Дело в том, что мы застали нашего героя уже по дороге домой. На олимпиаде Дедушкин блестяще выступил с докладом «Прогрессивные штанишки с моторчиком против упаднического дирижаблестроения». Его доклад был последним, так что публика, с удовлетворением дождавшись конца его выступления (а заодно и официальной части мероприятия) буквально на руках вынесла Макара Владимировича сначала в буфет, а затем в холл, где были накрыты столы для банкета, а за кулисами был припрятан даже целый цыганский хор. Соломон Львович особенно тщательно позаботился об этой части программы, так что неформальное общение удалось на славу. К концу бурных застольных дебатов Макар Владимирович так наклюкался, что не мог уже, как говорится, «переплюнуть через губу». Вследствие этого на верхнюю полку купейного вагона, следующего домой в Женевск, он был также на руках закинут восторженной его красноречием публикой и теперь вот, немного отлежавшись под мерный стук колес, приходил в сознание.

– Вот вы, Макар Владимирович, вроде как материалист, да еще и работник умственного труда — услышал он ироничный тенорок, — а нервные клетки головного мозга совсем не бережете.

– Опять ты, Боженька! — раздраженно подумал Дедушкин. Голос доносился из глубин подсознания, поэтому произносить слова вслух было не нужно. — Я же тебя прогнал и строго-настрого запретил возвращаться. Вон, к Луначальскому ступай или к Богдашкину. Это они любят с тобой заигрывать.

– Прогнать ты меня не имеешт права, потому как нам, боженькам, в каждом человеке полагается отдельное благоустроенное… койкоместо. А дальше уж как повезет. Некоторых боженек хозяева холят и лелеют, отдавая в их пользование чуть ли не всю черепную коробку. А ты меня, значит, в кладовке запер, дверь всяким хламом завалил, и решил, что избавился. Не тут-то было! Поскольку я с твоей, материалистической точки зрения, всего лишь подавленная структура сознания в нейронных дебрях твоего мозга, в моменты, когда ты ослабляешь силу своей рациональности (напиваешься, например), контроль за изолятором, куда ты меня поместил, ослабевает, и я отыгрываюсь на тебе по полной программе. Пора бы привыкнуть. А что касается Луначальского и Богдашкина, то у них собственные боженьки есть, а я как к тебе прописан, так никуда и не съеду до самой твоей смертушки. «Your own personal Jesus, Someone to hear your prayers» — нарочно затянул он было песню, чтобы позлить Дедушкина.

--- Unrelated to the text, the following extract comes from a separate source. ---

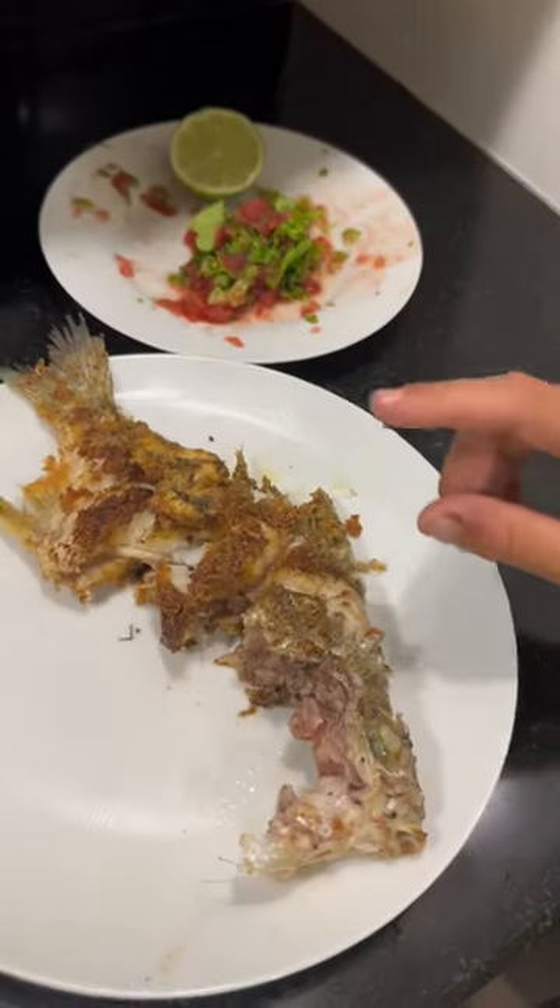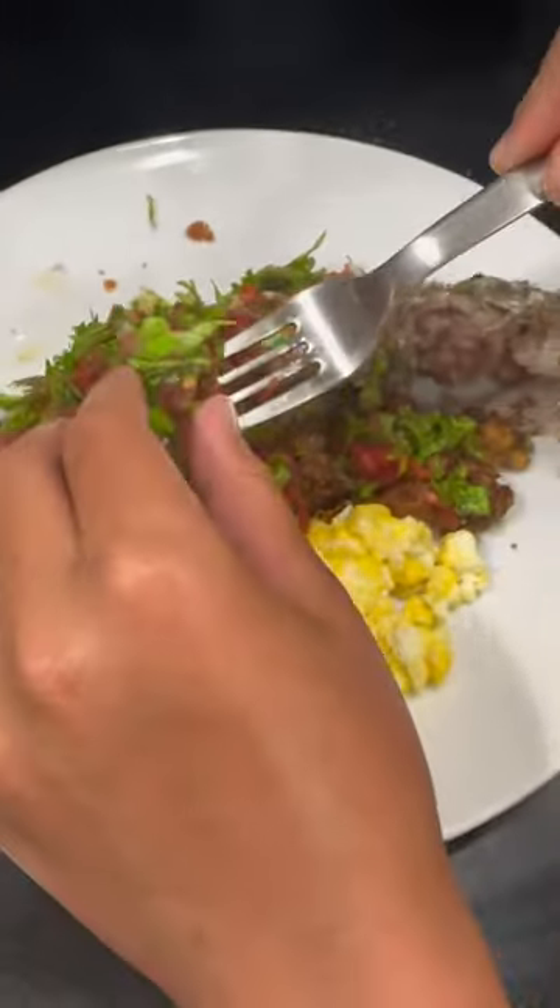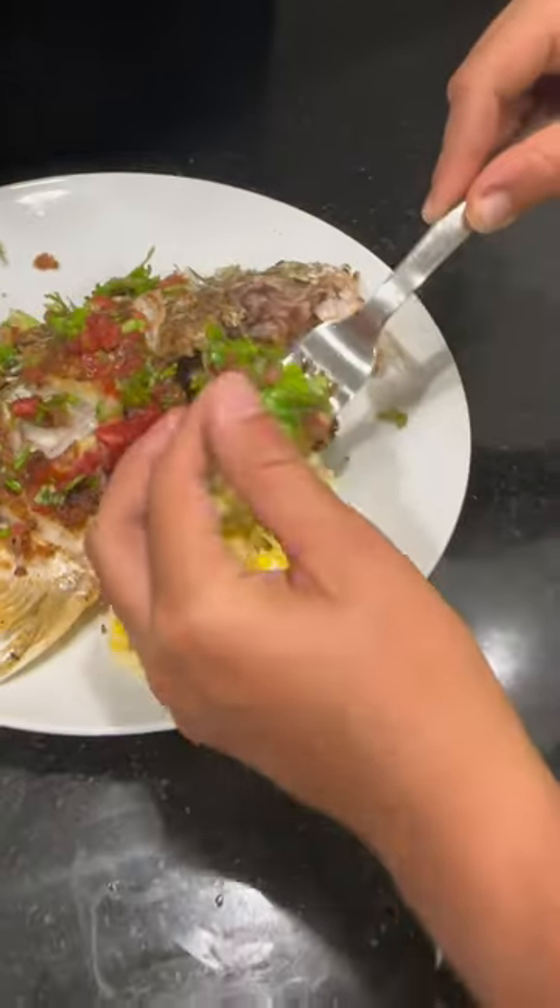Let's assemble our fish. Get some of the vegetables. Just put the eggs in.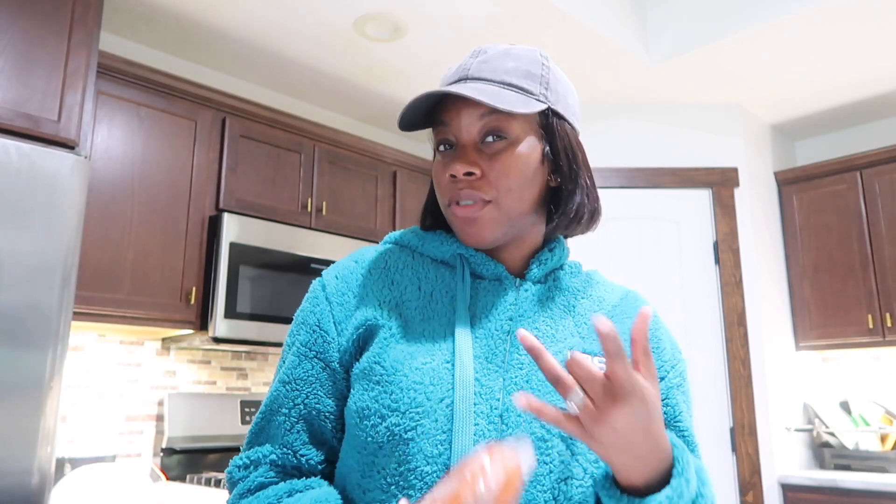So I'm back inside and right now I'm about to make me a seafood boil. Excuse me if the lighting is bad, but you get the juice. Yeah, it's a seafood boil kind of day, you feel me?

– Вот ведь гаденыш… — подумал Дедушкин аккуратно, чтобы Боженька не услышал, но тот, видимо, контролировал всё внутричерепное пространство и бесхитростно парировал:

– Сам ты гаденыш. Мало того, что без веры живешь, интуицию от себя прочь гонишь, так еще и у других эти качества калечишь. Кто затеял травлю Богдашкина, который всего-то навсего захотел проверить некоторые свои интуитивные догадки опытным путем, да к тому же не на миллионах невинных людей, а на самом себе? Ну, споткнулся бы молодой человек о свои заблуждения, сам бы и покаялся потом. А ты его жестоко высмеял перед всеми, самолюбие ущемил, шестеркой своей сделал.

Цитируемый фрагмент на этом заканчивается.